Nothing but the lines below from the one containing "Alright everyone, welcome" through the one containing "In this lecture, we" should appear in the answer, exact and without pictures.

Stored data entries:
════════════════

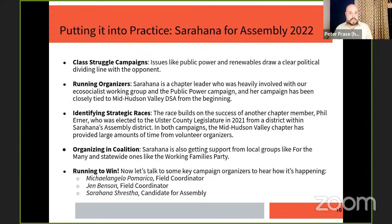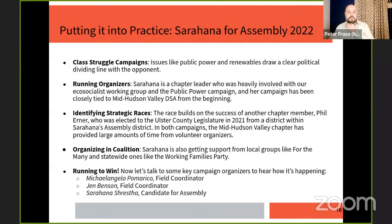This chapter has provided a lot of volunteer organizers to make campaigns happen and wins happen. We're organizing a coalition — Sarahana is getting support from local groups like For the Many, which we've worked with on other issues, and from statewide groups like the Working Families Party. And of course we are running to win. We're going to hear from field directors Michelangelo Pomerico and Jen Benson, and then from Sarahana herself, to give context for what this campaign means for mid-Hudson Valley DSA, the Hudson Valley, and the project of socialism.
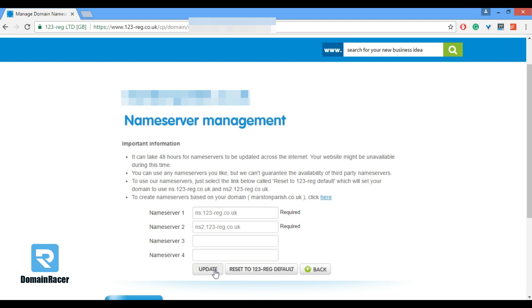It can take 48 hours for name servers to be updated across the internet. Your website might be unavailable during this time.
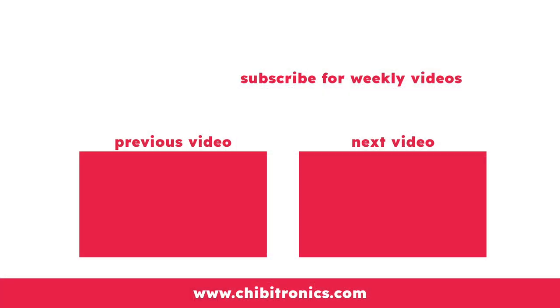And that's it for today. I hope you enjoyed this video in the Chibitronics for Paper Crafters series and stay tuned for a new video next month. Be sure to subscribe to the Chibitronics YouTube channel and follow us on social media for lots of crafty inspiration. Thanks so much for watching, have an amazing day and happy crafting. Bye!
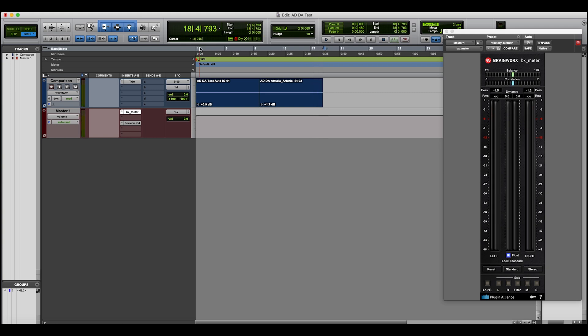Hopefully I've managed to balance the volume close enough between the two of them to give you a fair comparison. I will include the audio files as a link below that you can download and listen to separately to see what you think in terms of the difference between the two audio files.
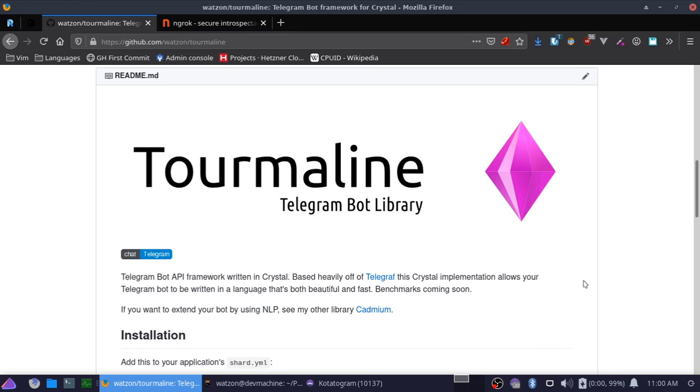Alright everyone, welcome to another video on Tourmaline, my Telegram bot library for Crystal. It's going to be very important for this video that you've seen my previous ones, so if you haven't, I suggest you go back to my channel, look for the playlist that this video is in, and watch from the beginning.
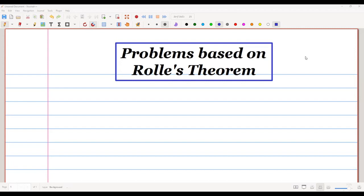In this lecture, we are going to discuss problems which are based on Rolle's theorem. The proof of Rolle's theorem will be covered in a different video. Here we will discuss only the problems which are based on Rolle's theorem.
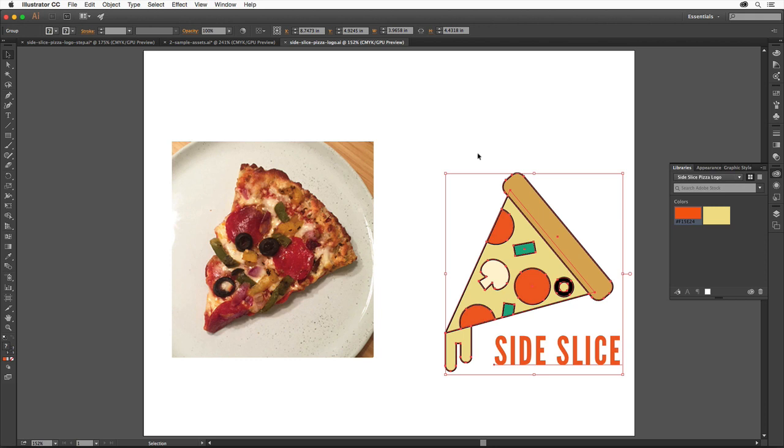To save the logo so that we can add it to other documents within Illustrator, or others like InDesign and Photoshop, you can add it to a Creative Cloud library. In the libraries panel on the right, make sure the sideslicepizzalogo library is chosen. If you don't have this library we created earlier, you can choose your own or simply use My Library.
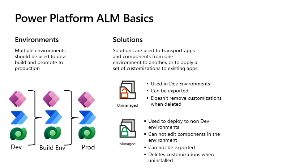With managed solutions, these are used to deploy to any environment that isn't a development environment for that solution. As an ALM best practice, managed solutions should be generated by exporting an unmanaged solution as managed and considered a build artifact. Managed solutions have the following properties: You can't edit components directly within a managed solution. You can't export a managed solution. When a managed solution is deleted or uninstalled, all the customizations and extensions included with it are removed from the environment. If that included tables or columns in tables, that would remove the data as well.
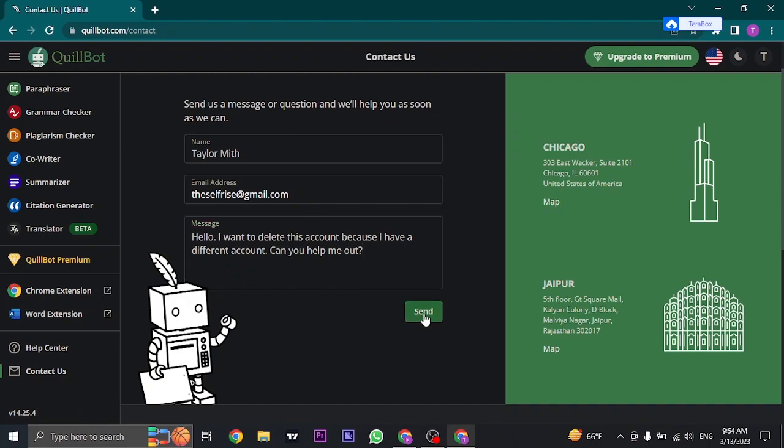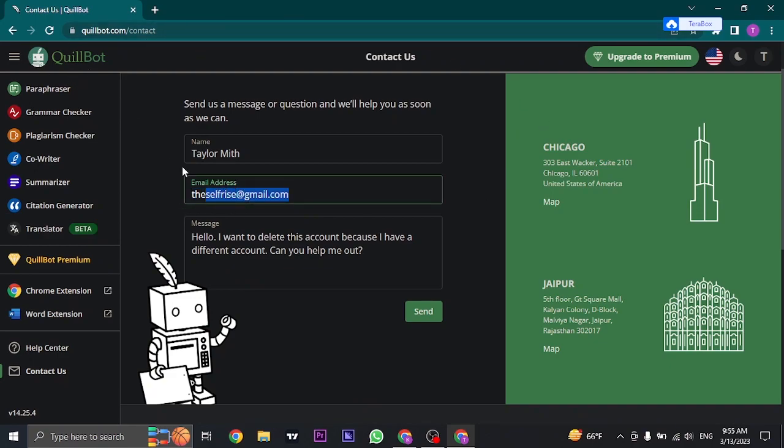After that, you just need to click on Send, and your account deletion request will be sent to QuillBot. They will contact you or send you an email to the exact email address linked with your QuillBot account.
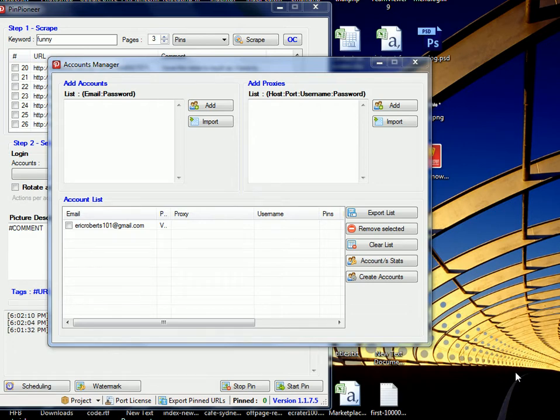Hey guys, it's Eric from Pin Pioneer and I'm excited to tell you that after 3 months of downtime we have finally come back.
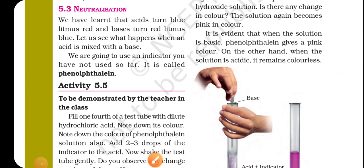Good morning students. Welcome to the science class. Today in this class we will discuss an important topic: neutralization and neutralization in our daily life.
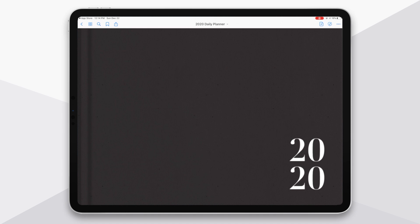In this video, I'm going to walk you through the basics of navigating through your new digital planner. Today, I'm going to be showing you my basic 2020 daily planner.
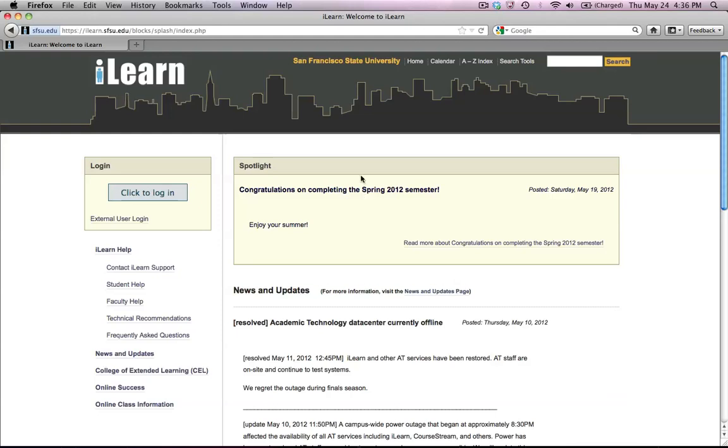In order to log into iLearn, first you have to start one of your favorite web browsers. We recommend the Firefox browser usually. And then you go to the URL http://ilearn.sfsu.edu.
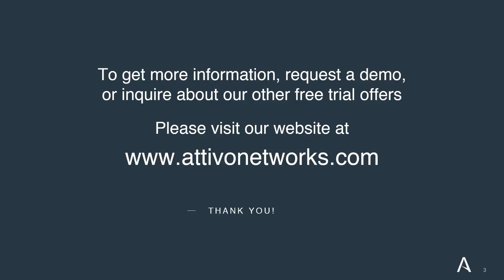That concludes a quick demo of the AD Assessor Solution, as well as a glimpse into its integration with the AD Secure Solution. To get more information, request a demo, or inquire about our other free trial offers, please visit our website at www.ativonetworks.com. Thank you very much.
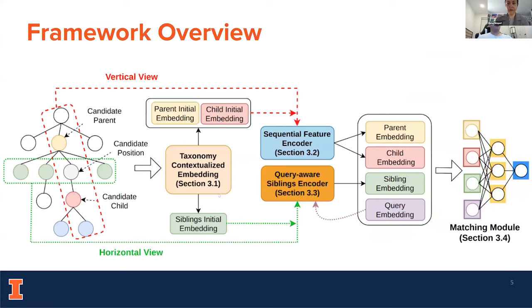Here is an overview of our TaxoIntegrate framework, which does one-to-pair matching from the query node to the candidate positions. I will introduce these four modules part by part. In general, we generate embeddings from the semantic and structural features of the taxonomy, and then perform matching to the candidate positions.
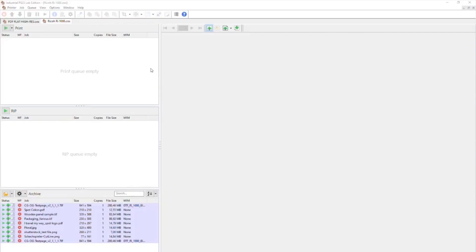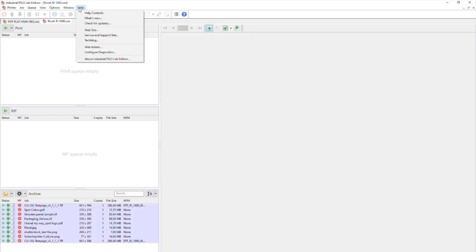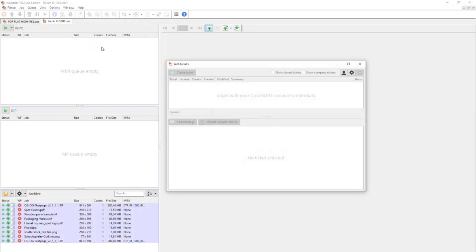Furthermore, we have made it easier to access support options by allowing users to create web tickets directly in Production Server, eliminating the need to access the service and support website separately. Let's take a look. Creating a web ticket is a simple and straightforward process. To get started, click on the Help tab and select Web Tickets.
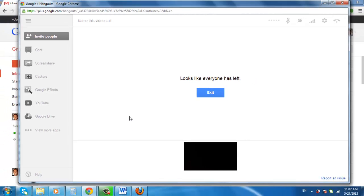This is just a tutorial and our recipient won't actually answer the call, but when you do this with a real contact, their video stream will appear in this window and you can chat with them. And that is how to use Google Talk Video.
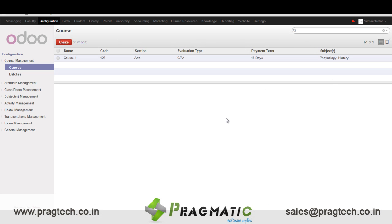Hello everyone, today I will take you through the demo of Udo 8 University Management, a product by Pragmatic Techsoft.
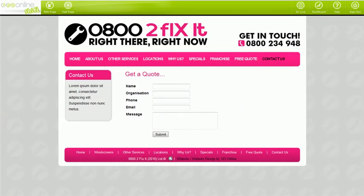The 123Online Form Builder is exceptionally powerful. With a form builder you can add an unlimited number of forms with an unlimited amount of questions. The results of the forms will send to an email address of your choosing and will also be recorded in the database of your website, accessible on your dashboard.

════════════════

Output for this task.
Alright everyone, welcome to another video on Tourmaline, my Telegram bot library for Crystal. It's going to be very important for this video that you've seen my previous ones, so if you haven't, I suggest you go back to my channel, look for the playlist that this video is in, and watch from the beginning.
In this lecture, we are going to discuss problems which are based on Rolle's theorem. The proof of Rolle's theorem will be covered in a different video. Here we will discuss only the problems which are based on Rolle's theorem.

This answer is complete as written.